Nanaji was also the most handsome man out there. His pictures from the young were.. & even now, he was so supremely charming.I last met Nanaji two days back. He was very frail. He was being given oxygen. His eyes had lit up on seeing me. He held my hand for hours. I couldn’t move. His nails were unique, very different, I can’t let them out of my sight now..
And today, I spent the last 10 hours with him, a lifeless him. At so many moments, I felt he was alive. His arm around me for real. I kissed him on the cheek like old times. I couldn’t believe, and still can’t believe, that he is no more. Would Nanaji have thought he will be gone? That he will be lying lifeless and everyone will be around him. No. Nanaji till this morning told my Nani that he is fighting and won’t give up. He had walked by himself last night.
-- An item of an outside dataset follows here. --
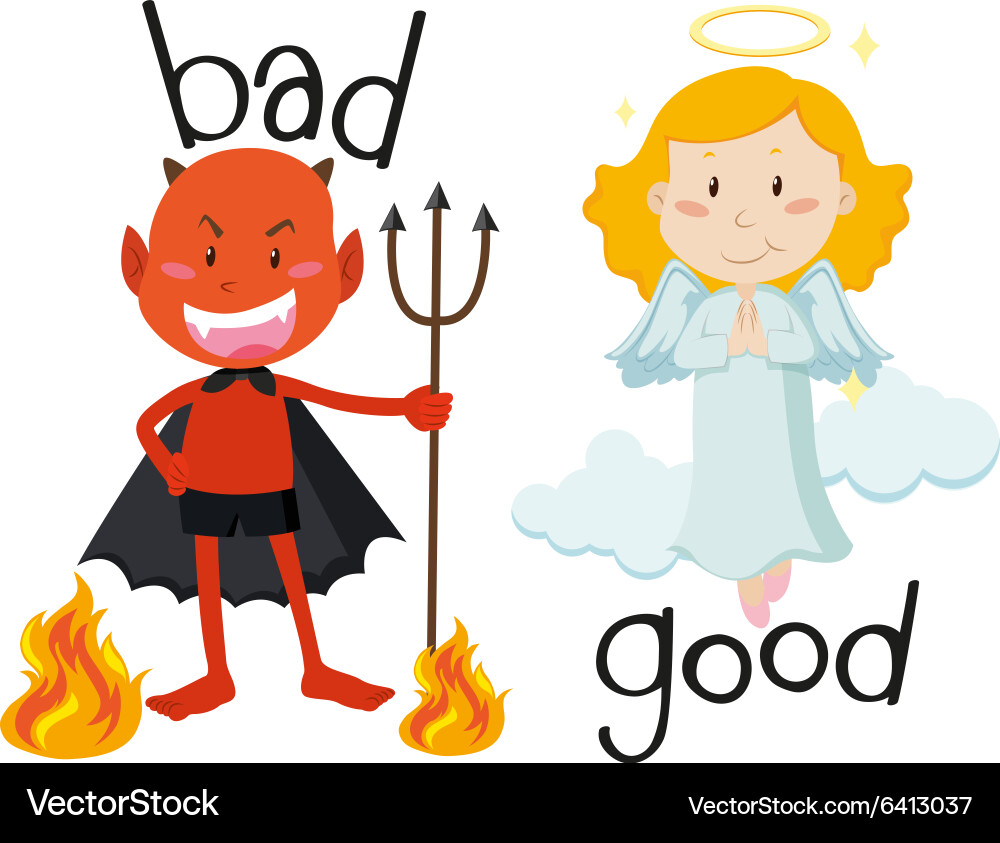 Opposite adjectives good and bad vector image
He had coffee this morning. Despite seeing him in a lot of pain two days back, it never crossed me that he can actually go. For some reason, I always thought he will live on for a 100 years. Nanaji and I often spoke about it. I used to tell him this everytime. Don’t know when it built disbelief in my own mind and heart.
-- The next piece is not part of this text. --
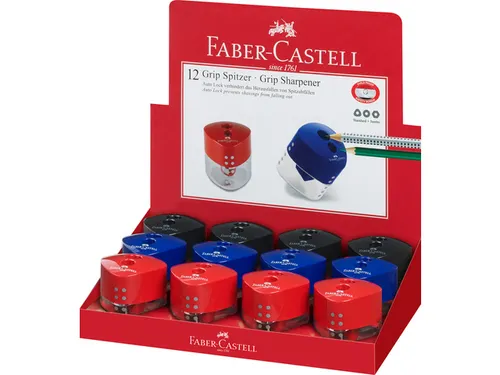 Grip dubbele puntenslijper Faber-Castell in assorti kleuren rood, blau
When I met him today, everyone told me how much he would talk about me wherever he went, he had so much faith in me, he took so much pride in the smallest of my achievements. I would dismiss them, all more or less like a checklist of some weird sort, but he, he swelled in them, every step of it.
I kept feeling all day, that Nanaji is speaking to me, even till the last moment when I could see his left eye through the pyre.I feel helpless in this moment. I really wish I could have done more. I wish I had taken out more time. I wish I had, done so much more that I wanted to for him..
All I have is tears, and this feeling. I love you Nanaji, I love you very very much, and I miss you so much!!